* _WORK REQUIRED_: Go to the line containing "Gray Reclining Console Loveseat" below; retype it and all following lines exactly, and leave out the pictures.

* _DATA_:
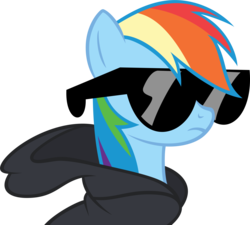 Size: 6000x5400 | Tagged: safe, artist:dasduriel, rainbow dash, pony, g4, .ai available, .psd available, absurd resolution, clothes, cool, female, hoodie, mare, simple background, solo, sunglasses, swag, transparent background, vector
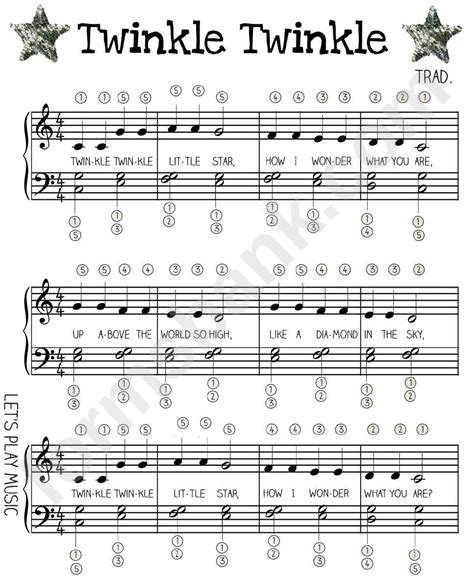 Twinkle Little Star Piano Sheet Music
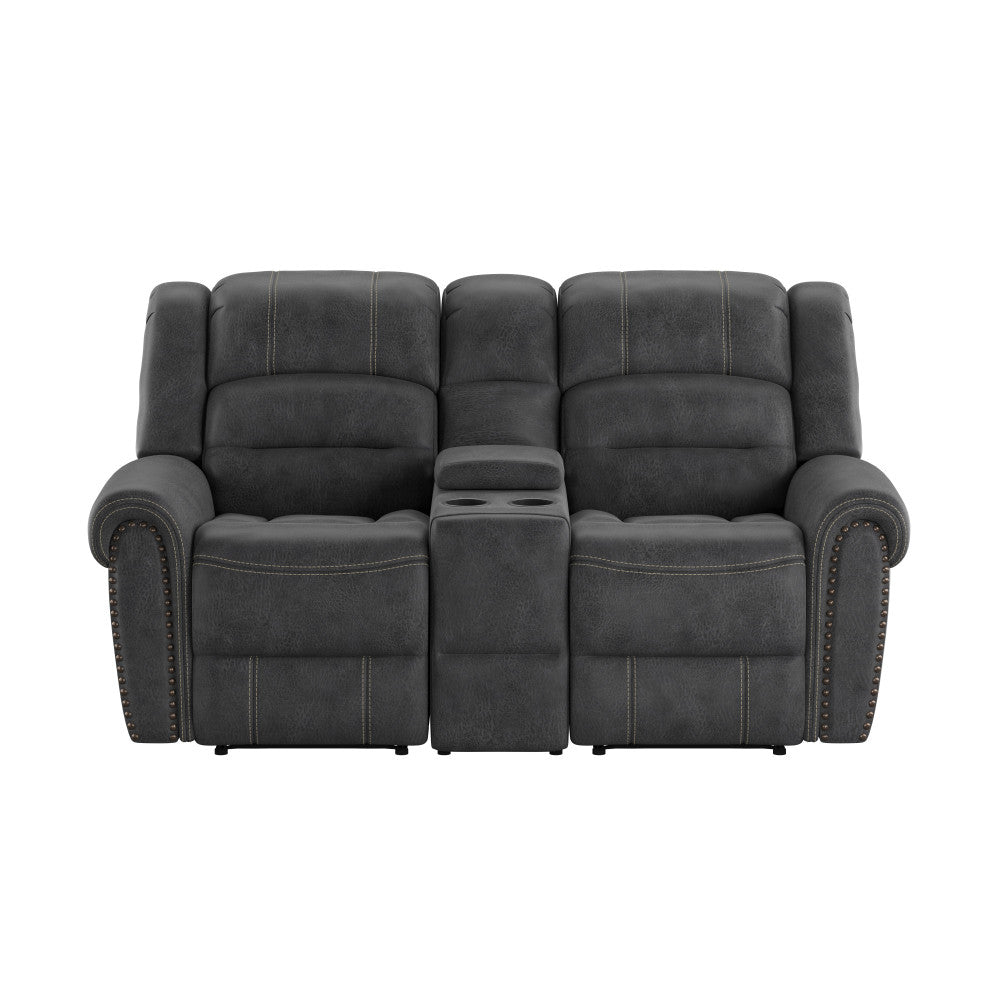 Gray Reclining Console Loveseat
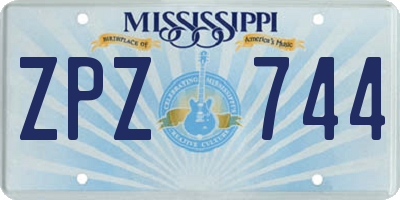 MS license plate ZPZ744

* _SOLUTION FOR THIS PROBLEM_:
 Gray Reclining Console Loveseat
 MS license plate ZPZ744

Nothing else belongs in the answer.